The answer must consist of the entries, copied exactly and in full.

* * * * * * *

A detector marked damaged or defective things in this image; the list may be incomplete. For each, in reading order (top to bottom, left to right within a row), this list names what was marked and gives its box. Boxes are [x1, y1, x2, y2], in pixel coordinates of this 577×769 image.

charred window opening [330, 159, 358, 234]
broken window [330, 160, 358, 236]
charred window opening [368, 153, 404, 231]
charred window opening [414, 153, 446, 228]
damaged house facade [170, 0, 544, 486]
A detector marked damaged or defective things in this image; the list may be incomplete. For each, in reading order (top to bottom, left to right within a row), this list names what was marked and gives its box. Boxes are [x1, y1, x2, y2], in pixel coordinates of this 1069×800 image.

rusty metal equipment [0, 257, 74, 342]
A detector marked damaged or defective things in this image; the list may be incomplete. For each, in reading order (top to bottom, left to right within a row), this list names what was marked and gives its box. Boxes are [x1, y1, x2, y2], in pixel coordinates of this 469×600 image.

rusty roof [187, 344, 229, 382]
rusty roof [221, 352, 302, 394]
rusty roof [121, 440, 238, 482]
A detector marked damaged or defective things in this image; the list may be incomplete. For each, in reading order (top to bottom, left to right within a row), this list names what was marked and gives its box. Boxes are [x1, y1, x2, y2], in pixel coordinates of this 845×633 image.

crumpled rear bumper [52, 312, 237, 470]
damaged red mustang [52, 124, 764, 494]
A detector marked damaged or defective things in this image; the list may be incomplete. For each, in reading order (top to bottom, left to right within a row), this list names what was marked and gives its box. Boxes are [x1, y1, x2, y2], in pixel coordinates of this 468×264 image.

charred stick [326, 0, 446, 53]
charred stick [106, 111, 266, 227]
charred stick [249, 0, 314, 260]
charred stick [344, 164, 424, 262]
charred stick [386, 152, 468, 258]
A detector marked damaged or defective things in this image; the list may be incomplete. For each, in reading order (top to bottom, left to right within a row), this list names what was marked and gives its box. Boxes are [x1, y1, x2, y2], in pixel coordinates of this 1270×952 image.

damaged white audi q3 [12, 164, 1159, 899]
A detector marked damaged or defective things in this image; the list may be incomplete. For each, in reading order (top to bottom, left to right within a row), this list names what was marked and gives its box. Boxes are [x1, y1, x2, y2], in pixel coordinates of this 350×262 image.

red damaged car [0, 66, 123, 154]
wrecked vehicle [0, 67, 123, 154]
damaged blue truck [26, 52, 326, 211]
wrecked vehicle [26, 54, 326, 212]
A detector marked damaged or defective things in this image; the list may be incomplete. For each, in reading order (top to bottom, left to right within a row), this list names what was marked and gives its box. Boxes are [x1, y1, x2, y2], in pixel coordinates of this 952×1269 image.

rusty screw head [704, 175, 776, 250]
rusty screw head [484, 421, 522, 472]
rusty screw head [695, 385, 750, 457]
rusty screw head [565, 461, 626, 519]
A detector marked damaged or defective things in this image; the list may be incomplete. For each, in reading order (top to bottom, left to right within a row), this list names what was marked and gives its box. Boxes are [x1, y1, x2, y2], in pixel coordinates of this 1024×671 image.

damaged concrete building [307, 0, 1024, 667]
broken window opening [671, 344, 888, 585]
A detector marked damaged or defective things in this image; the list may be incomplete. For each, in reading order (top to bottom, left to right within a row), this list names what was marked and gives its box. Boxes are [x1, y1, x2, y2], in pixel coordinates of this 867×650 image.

* * * * * * *

Written solution »
A detector marked damaged or defective things in this image; the list may be incomplete. For each, in reading order (top to bottom, left to right within a row), this list names what was marked and gives its box. Boxes are [x1, y1, x2, y2], in pixel coordinates of this 577×769 image.

charred window opening [330, 159, 358, 234]
broken window [330, 160, 358, 236]
charred window opening [368, 153, 404, 231]
charred window opening [414, 153, 446, 228]
damaged house facade [170, 0, 544, 486]
A detector marked damaged or defective things in this image; the list may be incomplete. For each, in reading order (top to bottom, left to right within a row), this list names what was marked and gives its box. Boxes are [x1, y1, x2, y2], in pixel coordinates of this 1069×800 image.

rusty metal equipment [0, 257, 74, 342]
A detector marked damaged or defective things in this image; the list may be incomplete. For each, in reading order (top to bottom, left to right within a row), this list names what was marked and gives its box. Boxes are [x1, y1, x2, y2], in pixel coordinates of this 469×600 image.

rusty roof [187, 344, 229, 382]
rusty roof [221, 352, 302, 394]
rusty roof [121, 440, 238, 482]
A detector marked damaged or defective things in this image; the list may be incomplete. For each, in reading order (top to bottom, left to right within a row), this list names what was marked and gives its box. Boxes are [x1, y1, x2, y2], in pixel coordinates of this 845×633 image.

crumpled rear bumper [52, 312, 237, 470]
damaged red mustang [52, 124, 764, 494]
A detector marked damaged or defective things in this image; the list may be incomplete. For each, in reading order (top to bottom, left to right within a row), this list names what was marked and gives its box. Boxes are [x1, y1, x2, y2], in pixel coordinates of this 468×264 image.

charred stick [326, 0, 446, 53]
charred stick [106, 111, 266, 227]
charred stick [249, 0, 314, 260]
charred stick [344, 164, 424, 262]
charred stick [386, 152, 468, 258]
A detector marked damaged or defective things in this image; the list may be incomplete. For each, in reading order (top to bottom, left to right within a row), this list names what was marked and gives its box. Boxes are [x1, y1, x2, y2], in pixel coordinates of this 1270×952 image.

damaged white audi q3 [12, 164, 1159, 899]
A detector marked damaged or defective things in this image; the list may be incomplete. For each, in reading order (top to bottom, left to right within a row), this list names what was marked and gives its box. Boxes are [x1, y1, x2, y2], in pixel coordinates of this 350×262 image.

red damaged car [0, 66, 123, 154]
wrecked vehicle [0, 67, 123, 154]
damaged blue truck [26, 52, 326, 211]
wrecked vehicle [26, 54, 326, 212]
A detector marked damaged or defective things in this image; the list may be incomplete. For each, in reading order (top to bottom, left to right within a row), this list names what was marked and gives its box. Boxes are [x1, y1, x2, y2], in pixel coordinates of this 952×1269 image.

rusty screw head [704, 175, 776, 250]
rusty screw head [484, 421, 522, 472]
rusty screw head [695, 385, 750, 457]
rusty screw head [565, 461, 626, 519]
A detector marked damaged or defective things in this image; the list may be incomplete. For each, in reading order (top to bottom, left to right within a row), this list names what was marked and gives its box. Boxes are [x1, y1, x2, y2], in pixel coordinates of this 1024×671 image.

damaged concrete building [307, 0, 1024, 667]
broken window opening [671, 344, 888, 585]
A detector marked damaged or defective things in this image; the list may be incomplete. For each, in reading order (top to bottom, left to right within a row), this list names what was marked and gives its box. Boxes are [x1, y1, x2, y2], in pixel coordinates of this 867×650 image.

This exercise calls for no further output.